Cheikh El Hasnaoui a quitté l’Algérie en 1937 pour Paris. Il n’est jamais revenu au pays. Jusqu’à la fin des années 1960, il a interprété une quarantaine de chansons en kabyle et en arabe, les plus célèbres sont La maison blanche, Sani, sani, Chikh ameqran, Ya noujoum ellil et Bnat sohba. Dans le documentaire de Rida Belghiat, la chanteuse andalouse Beihdja Rahal raconte sa rencontre avec Cheikh El Hasnaoui à la Réunion. Elle est la seule artiste algérienne à avoir eu ce privilège. Salah Gaoua, Ali Amrane et les frères Amokrane de l’ex-groupe Zebda ont livré leurs témoignages dans le film sur Cheikh El Hasnaoui, considéré comme «le pionnier de la chanson kabyle», «le chanteur de l’exil».
Dans le court documentaire, Achewiq, le chant des femmes-courage, la jeune réalisatrice franco-algérienne, Elina Kastler, a partagé l’intimité des chanteuses du village Sahel à Bouzeguène à 70 km de Tizi Ouzou.

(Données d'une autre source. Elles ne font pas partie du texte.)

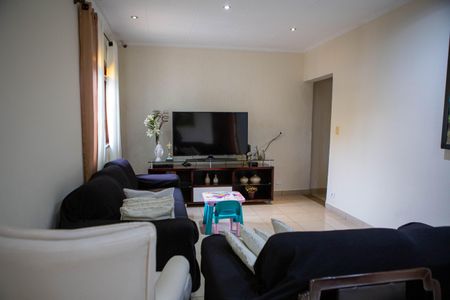 Sala de Estar de casa à venda com 3 quartos, 395m² em Jardim Pazini, São Paulo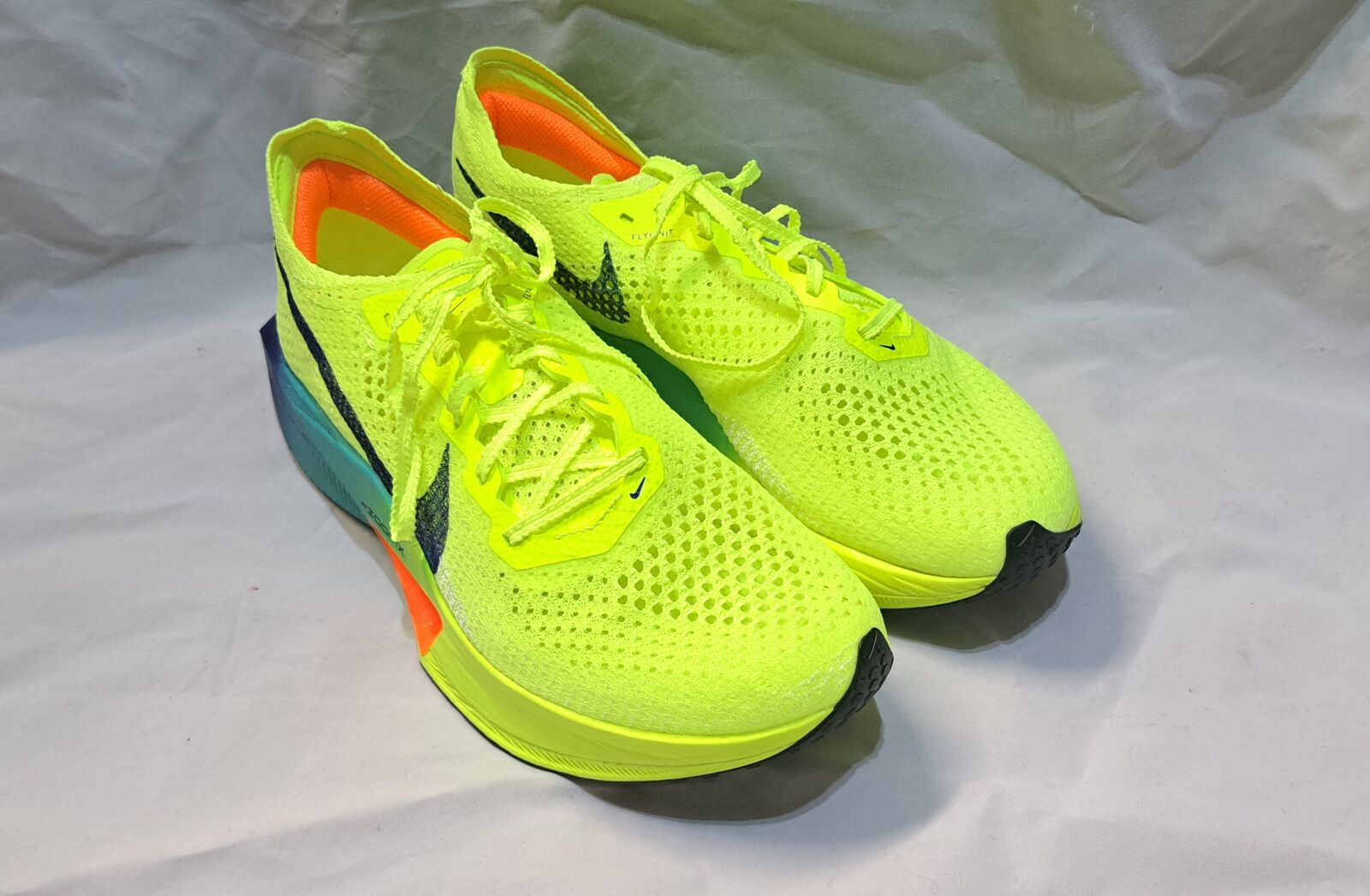 NEW Women’s Size 10 Men’s Size 8.5 Nike VaporFly 3 DV4130-700 Eur 42 Race Shoe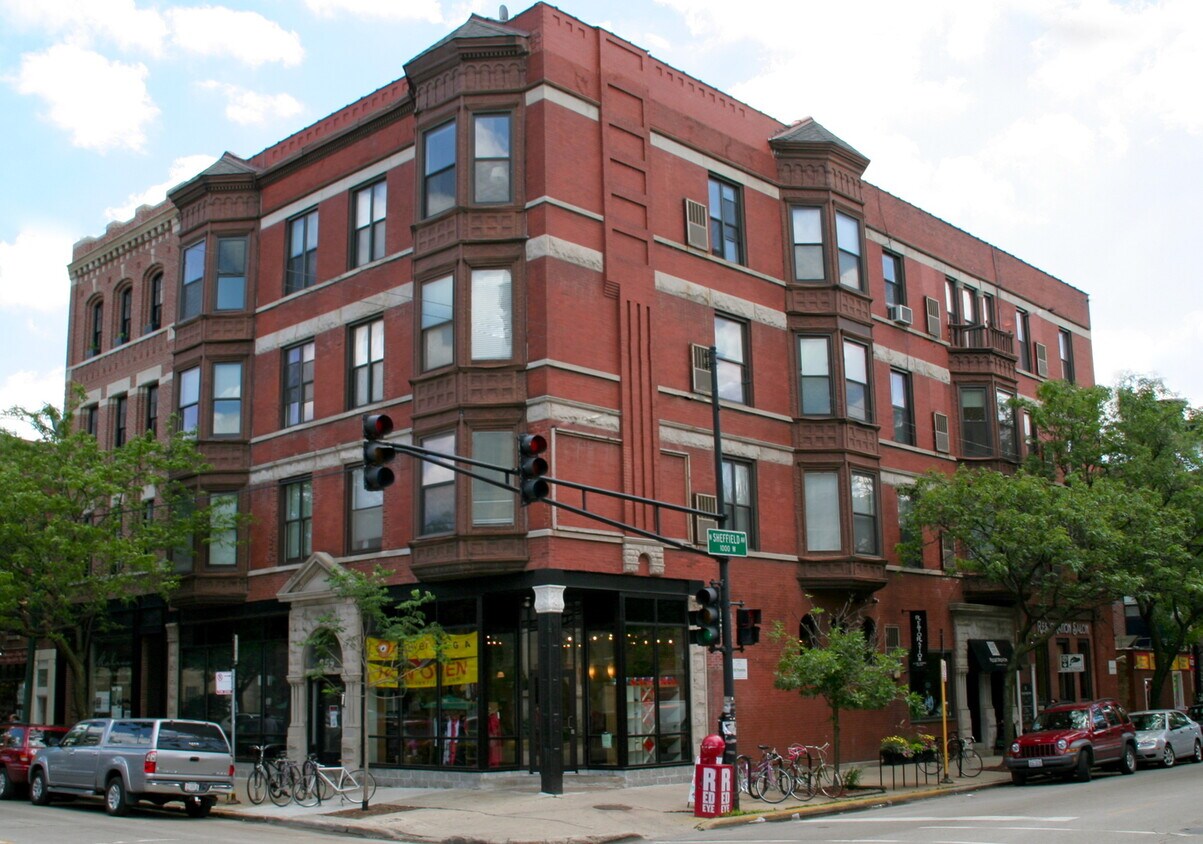 Exterior - 959 W Webster Ave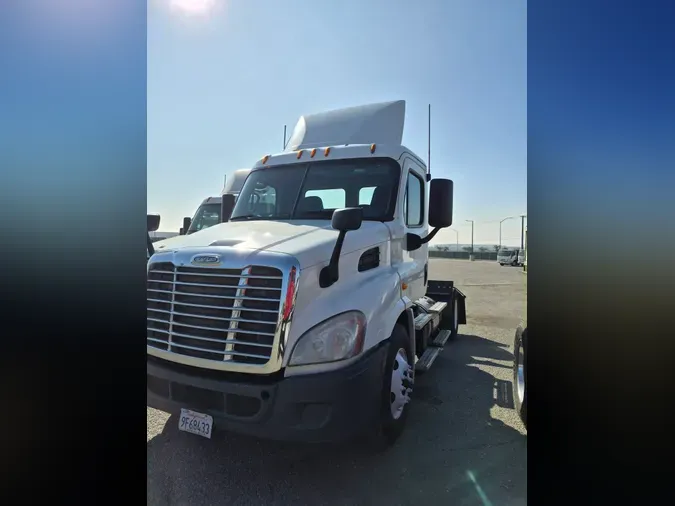 2018 FREIGHTLINER/MERCEDES CASCADIA 113be80cf0aebc1b2de8c6f52be1cb8b6e0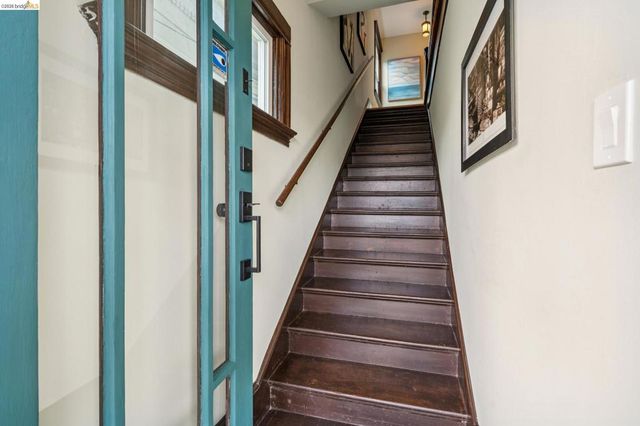 532 42nd St, Oakland, CA 94609
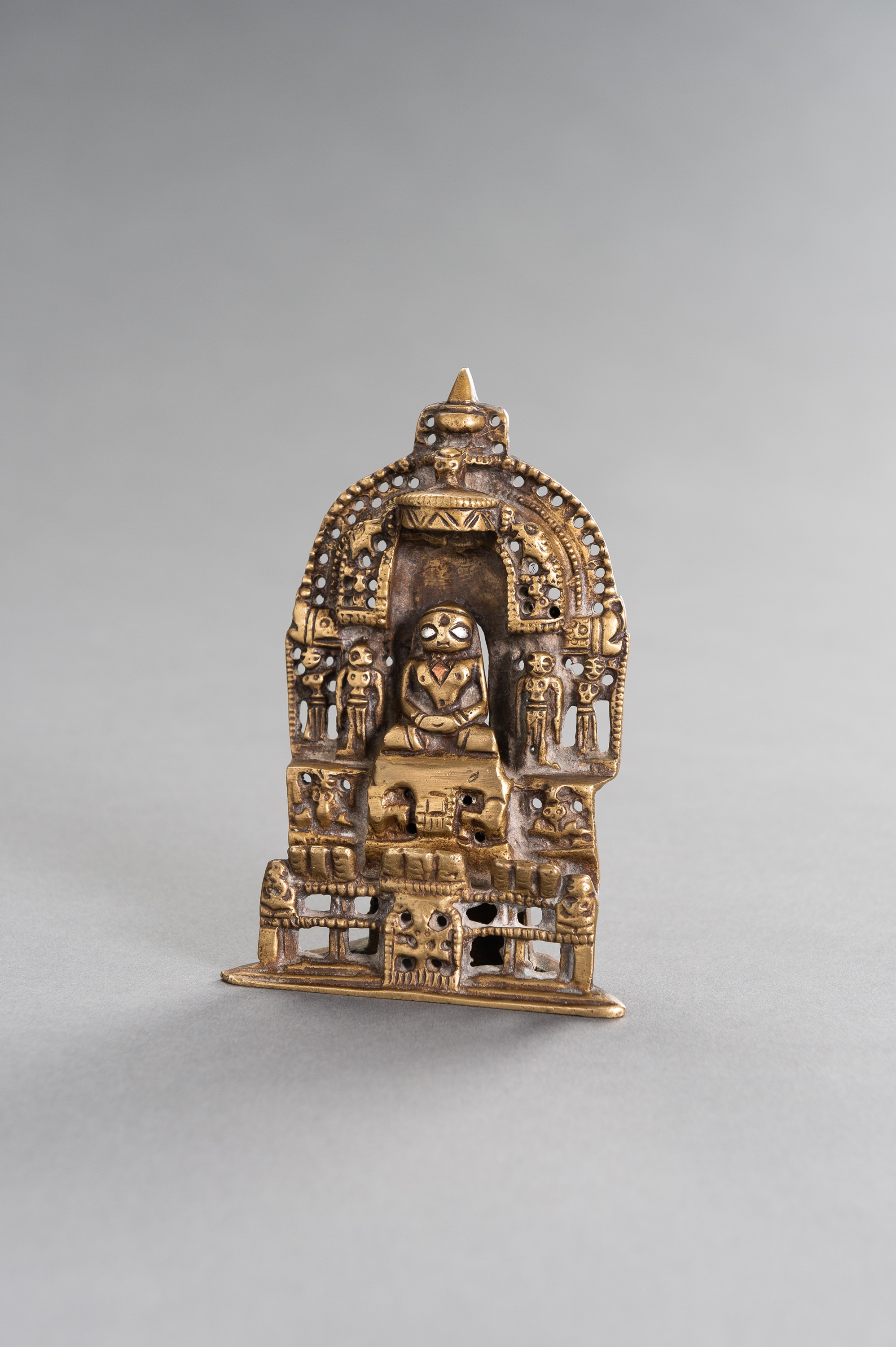 AN INDIAN SILVER INLAID JAIN BRONZE ALTAR - Image 2 of 10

«Je cherchais quelque chose d’assez personnel. Ma mère est Kabyle, mais la culture kabyle ne m’a pas été transmise. J’étais émue en écoutant le chant achewiq et je voulais faire quelque chose qui soit de l’ordre de la préservation. Après, j’ai compris que je voulais retrouver ma grand-mère. J’ai vécu avec les villageoises de Sahel pendant deux mois. J’ai tissé des liens presque familiaux. Je voulais trouver ma grand-mère et ma mère au travers de quelque chose de plus grand que mon histoire familiale qui est ce chant ancestral qui vibre dans beaucoup de maisons», a confié Elina Kastler.
«Je n’avais aucune envie de faire un reportage ou d’expliquer les choses par une voix-off. Je voulais susciter la curiosité chez le spectateur pour qu’il fasse lui-même des recherches. Je voulais faire vivre ces femmes, immerger dans leur vécu. L’achewiq est un chant qui permet d’exprimer leur joie et leur tristesse, c’est une sorte de catharsis», a-t-elle poursuivie.